Original post by banterboyI'll try, i find some parts confusing myself. In the book i have by him (The Nature of necessity) it's like a 20 page argument.
Well, basically, there's an atheistic argument that goes roughly like this:
1. God is omnipotent.
2. God is omni-benevolent
3. Evil exists in the possible world A.
4. 3 contradicts one or both of 1 or 2.
5. So God cannot exist in A.
6. A is the actual world.
7. God does not exist in the actual world.
(btw possible worlds are just complete sets of non contradictory propositions which account for each other, so there is a possible world which is exactly the same apart from I have blue not brown hair. There are no possible worlds where I dye my hair blue successfully but have entirely brown hair.).

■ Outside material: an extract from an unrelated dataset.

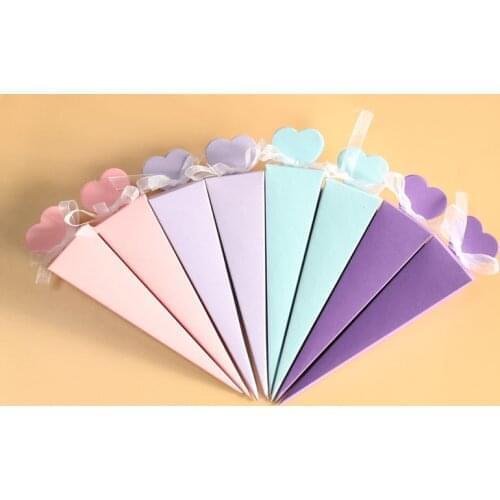 50pcs Cone Shaped Chocolate Packaging Box Wedding Favors Candy Box for Guests Gift Boxes Party Supplies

When the theist points out that evil is required for free will, the atheist tends to say
"God could have made some possible world P where free will exists and no evil occurs, otherwise he wouldn't be omnipotent".
Plantinga therefore says that any morally relevant definition of free will has to include the ability to do evil on every possible world (Call this def.1). Plantinga calls this Transworld Depravity.
So suppose I can choose to kill someone or not to kill someone on world A at time t, and i can't kill someone and not kill someone at t. I will use this as an example, but the point extends to the moral decisions of everyone in a possible world.
Call the world in which i choose not to A1, the one where i do A2.
Suppose God could instantiate possible world A1.
Then by def.1 and def.2 "I do not have free will with respect to the fact I did not kill someone at t in world A1. As By def.1, free will requires my ability to make the morally relevant choices P and not P in the same possible world. So, if God creates a world in which not P must obtain, and therefore P is impossible, I have no free will to choose P or not P. So I am not free on world A1.
Therefore, if God creates a world A1, where it is impossible that i choose to kill, God has on that world removed evil by removing free will.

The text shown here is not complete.